■ Work item: Ignoring the pictures, repeat every entry below exactly as it appears.

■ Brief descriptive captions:
------------
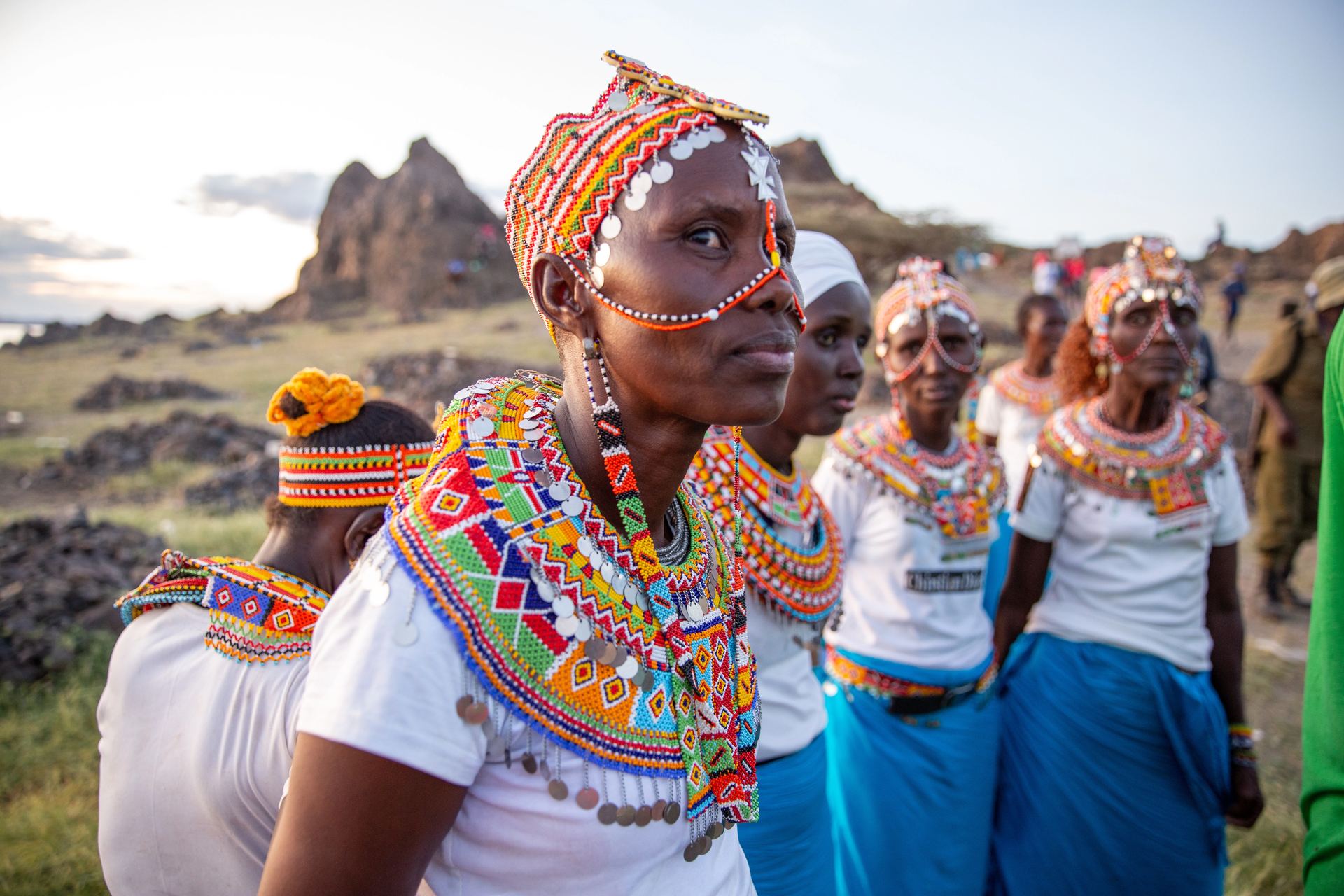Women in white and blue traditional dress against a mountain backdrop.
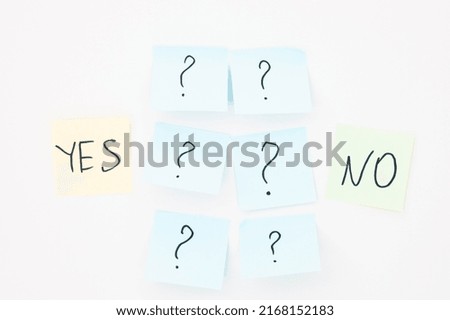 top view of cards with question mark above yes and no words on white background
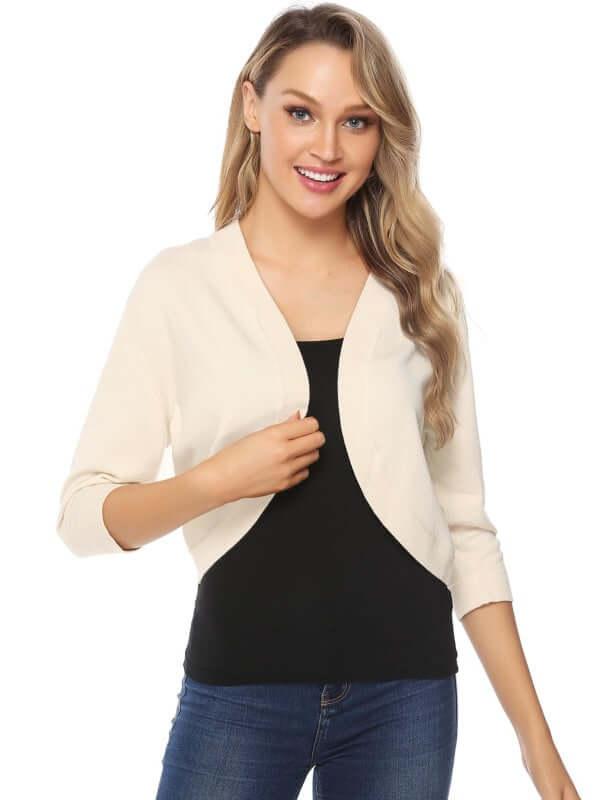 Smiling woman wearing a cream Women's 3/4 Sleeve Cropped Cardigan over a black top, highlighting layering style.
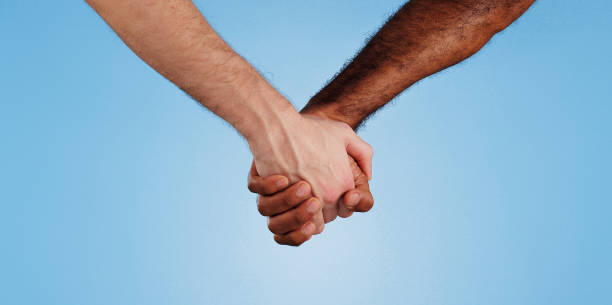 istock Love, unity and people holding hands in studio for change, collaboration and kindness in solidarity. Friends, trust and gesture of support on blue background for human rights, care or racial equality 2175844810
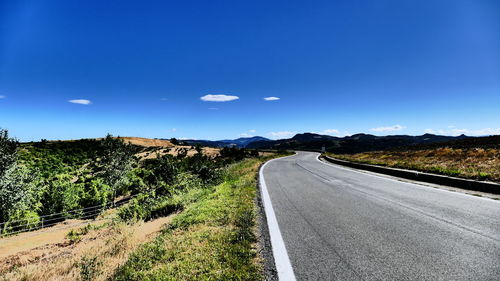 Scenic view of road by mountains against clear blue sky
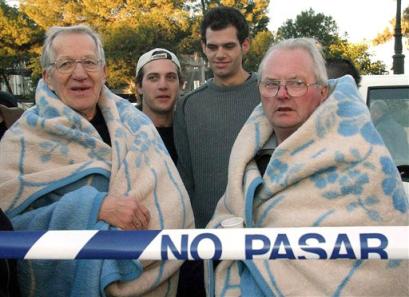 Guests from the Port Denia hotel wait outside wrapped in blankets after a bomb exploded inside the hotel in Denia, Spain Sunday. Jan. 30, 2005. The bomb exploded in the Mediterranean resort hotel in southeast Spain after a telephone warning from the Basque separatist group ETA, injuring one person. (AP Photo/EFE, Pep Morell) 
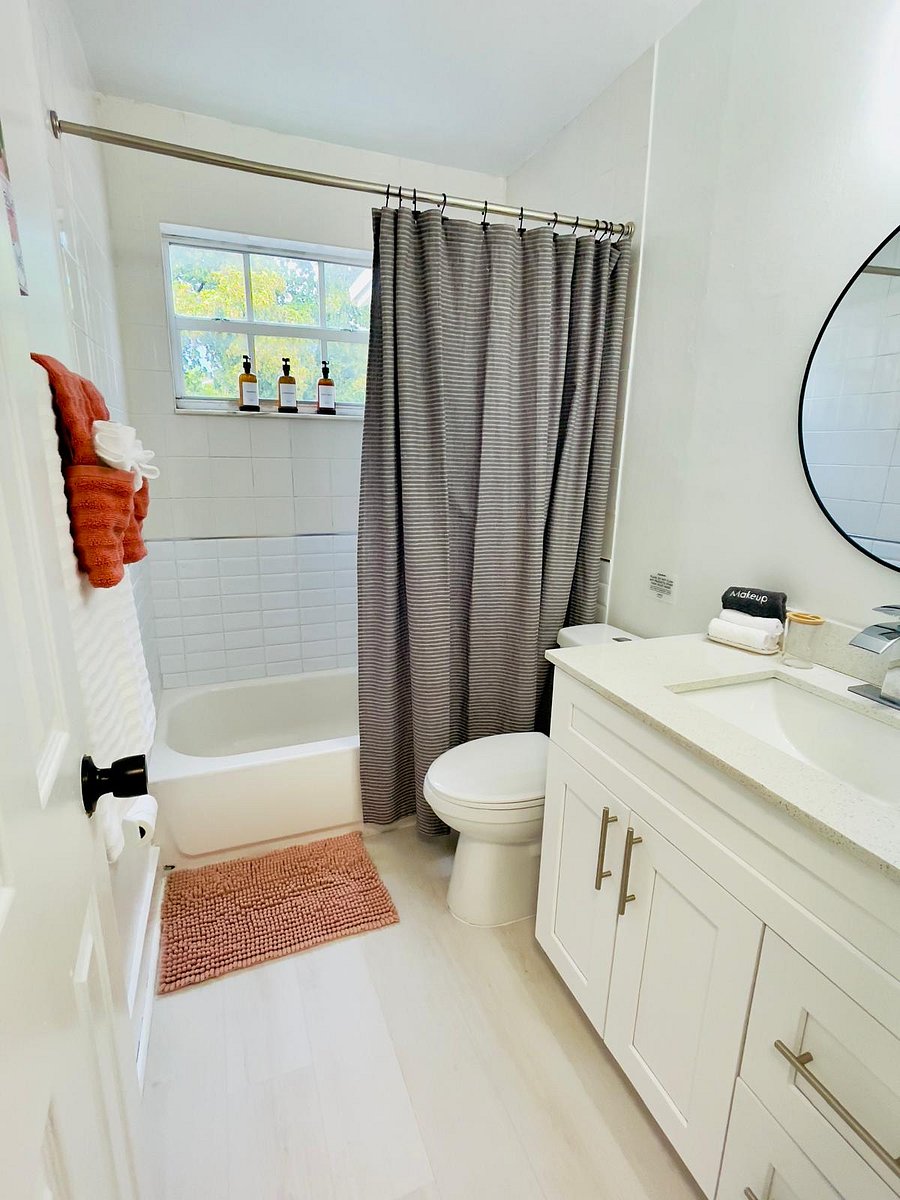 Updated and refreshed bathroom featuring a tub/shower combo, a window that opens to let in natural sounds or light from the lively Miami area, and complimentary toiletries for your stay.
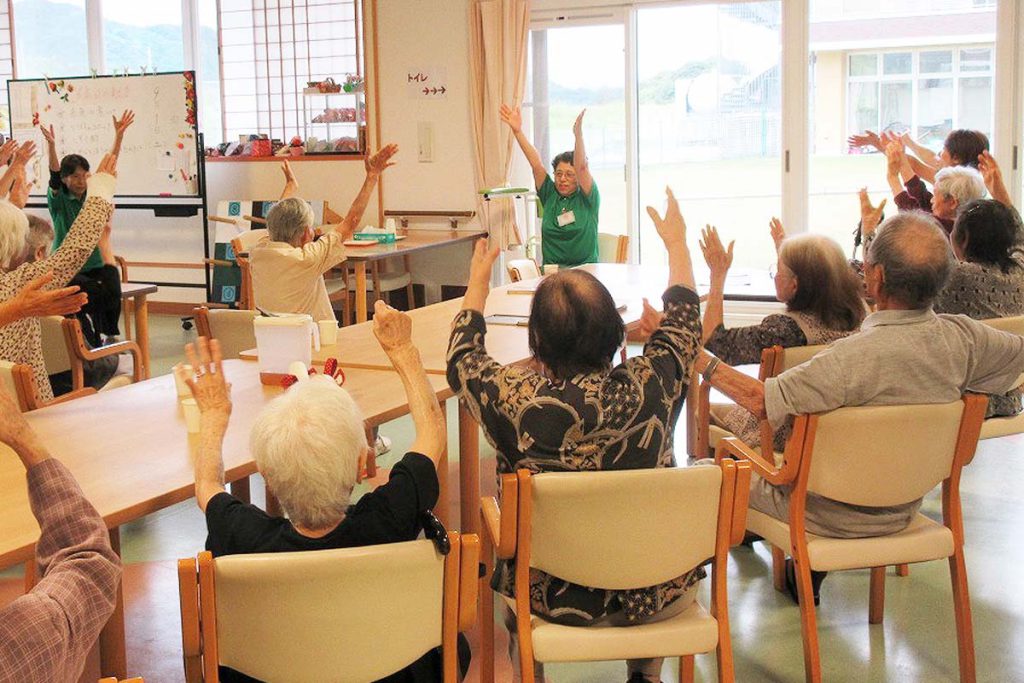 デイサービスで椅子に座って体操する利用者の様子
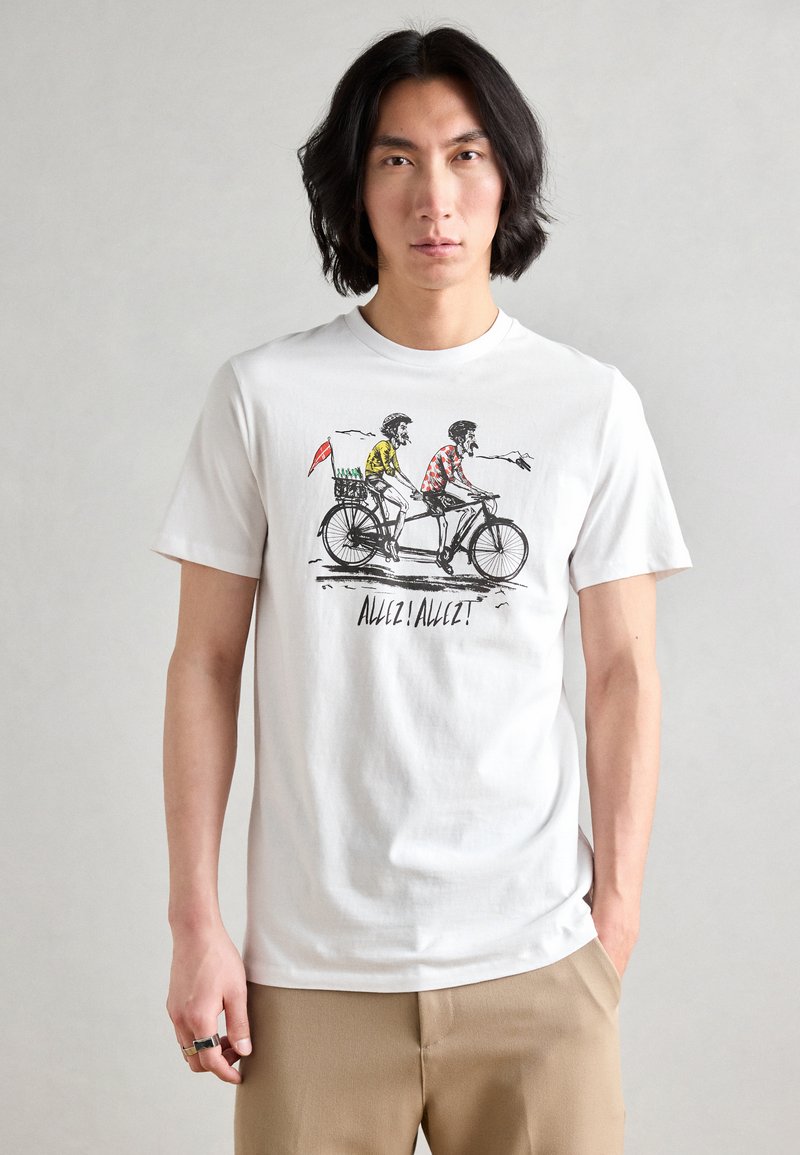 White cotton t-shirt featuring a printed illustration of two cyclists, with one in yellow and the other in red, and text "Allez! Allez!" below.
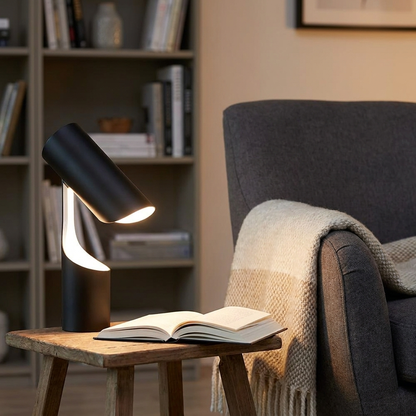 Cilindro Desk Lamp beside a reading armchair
------------
■ Task response:
Women in white and blue traditional dress against a mountain backdrop.
 top view of cards with question mark above yes and no words on white background
 Smiling woman wearing a cream Women's 3/4 Sleeve Cropped Cardigan over a black top, highlighting layering style.
 istock Love, unity and people holding hands in studio for change, collaboration and kindness in solidarity. Friends, trust and gesture of support on blue background for human rights, care or racial equality 2175844810
 Scenic view of road by mountains against clear blue sky
 Guests from the Port Denia hotel wait outside wrapped in blankets after a bomb exploded inside the hotel in Denia, Spain Sunday. Jan. 30, 2005. The bomb exploded in the Mediterranean resort hotel in southeast Spain after a telephone warning from the Basque separatist group ETA, injuring one person. (AP Photo/EFE, Pep Morell) 
 Updated and refreshed bathroom featuring a tub/shower combo, a window that opens to let in natural sounds or light from the lively Miami area, and complimentary toiletries for your stay.
 デイサービスで椅子に座って体操する利用者の様子
 White cotton t-shirt featuring a printed illustration of two cyclists, with one in yellow and the other in red, and text "Allez! Allez!" below.
 Cilindro Desk Lamp beside a reading armchair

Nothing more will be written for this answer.